The problem is that when you delve deeper, past the over-simplified memes, you’re forced to make a choice: Do you care more about coffee quality, or about people? Let’s set aside the barista/retail/consumer end of the chain for a moment, and focus on the producer-side. We claim to be supporting coffee producers, but it appears that what we really mean is that we support producers of the coffees that we really like the taste of. We go to events in the US to meet coffee producers and feel good about the experience, but what really happened is that we just met some of the most rich and prosperous coffee producers in the world.

The most celebrated coffee “farmers” and farms in specialty coffee are also among the most successful, with many if not most of those people being the sons (and in a very few cases daughters) of prosperous families. Upward-mobility is but a flying unicorn in these countries. A wonderful idea, but not reality.

I don’t mean to disparage or insult any of those successful coffee producers. Their coffees are indeed worthy of acclaim, and the heredity of those people shouldn’t take away from that. But if our affinity for those producers and those coffees defines our scope to only the tip-top best-of-the-best of what coffee has to offer, we are building a temple for worshipping the rich in a self-perpetuating cycle of aggrandizement and affluence.

What’s more deserving of celebration: Producers of 88-point coffees improving to 92’s, or those with 81’s improving to 85 scores?
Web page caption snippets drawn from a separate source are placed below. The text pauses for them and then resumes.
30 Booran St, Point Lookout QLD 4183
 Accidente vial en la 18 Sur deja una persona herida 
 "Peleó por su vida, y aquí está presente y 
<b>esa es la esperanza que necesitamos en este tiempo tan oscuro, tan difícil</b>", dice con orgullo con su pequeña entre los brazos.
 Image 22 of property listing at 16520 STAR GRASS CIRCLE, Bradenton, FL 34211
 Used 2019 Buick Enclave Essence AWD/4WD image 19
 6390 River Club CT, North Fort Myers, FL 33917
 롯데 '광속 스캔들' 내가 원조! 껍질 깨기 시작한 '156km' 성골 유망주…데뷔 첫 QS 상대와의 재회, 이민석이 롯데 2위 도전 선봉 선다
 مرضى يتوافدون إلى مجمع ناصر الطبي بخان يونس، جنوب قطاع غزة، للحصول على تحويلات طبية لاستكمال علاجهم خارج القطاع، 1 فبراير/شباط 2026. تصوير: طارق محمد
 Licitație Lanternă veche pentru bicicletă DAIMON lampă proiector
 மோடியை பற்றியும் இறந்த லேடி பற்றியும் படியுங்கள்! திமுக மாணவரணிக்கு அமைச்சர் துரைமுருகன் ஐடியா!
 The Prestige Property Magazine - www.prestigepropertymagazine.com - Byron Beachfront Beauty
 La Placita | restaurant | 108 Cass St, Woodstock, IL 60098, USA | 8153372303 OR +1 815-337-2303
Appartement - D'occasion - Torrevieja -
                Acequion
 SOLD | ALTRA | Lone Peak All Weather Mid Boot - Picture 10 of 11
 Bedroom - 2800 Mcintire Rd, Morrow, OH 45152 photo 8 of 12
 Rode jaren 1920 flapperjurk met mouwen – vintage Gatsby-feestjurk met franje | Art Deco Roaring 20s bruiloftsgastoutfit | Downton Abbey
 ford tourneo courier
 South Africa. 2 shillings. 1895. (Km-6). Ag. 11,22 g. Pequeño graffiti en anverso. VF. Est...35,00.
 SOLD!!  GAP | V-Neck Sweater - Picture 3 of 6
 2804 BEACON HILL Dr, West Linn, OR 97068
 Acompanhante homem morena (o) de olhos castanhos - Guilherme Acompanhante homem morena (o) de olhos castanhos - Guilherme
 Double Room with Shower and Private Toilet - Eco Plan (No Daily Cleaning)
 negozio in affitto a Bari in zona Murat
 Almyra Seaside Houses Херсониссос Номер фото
In real-world terms, that’s like comparing those making $500,000 per year bumping up to $750,000, versus someone making $20,000 now getting $30,000. Improvements are improvements, but in the US, the $500-750K bump helps 0.5% of the population, whereas the latter group represents about 20-40% of the population (depending on the data source and the way you look at it). There are no good figures in the case of coffee quality as a percentage of total production, but suffice it to say, it’s a much more severe disparity.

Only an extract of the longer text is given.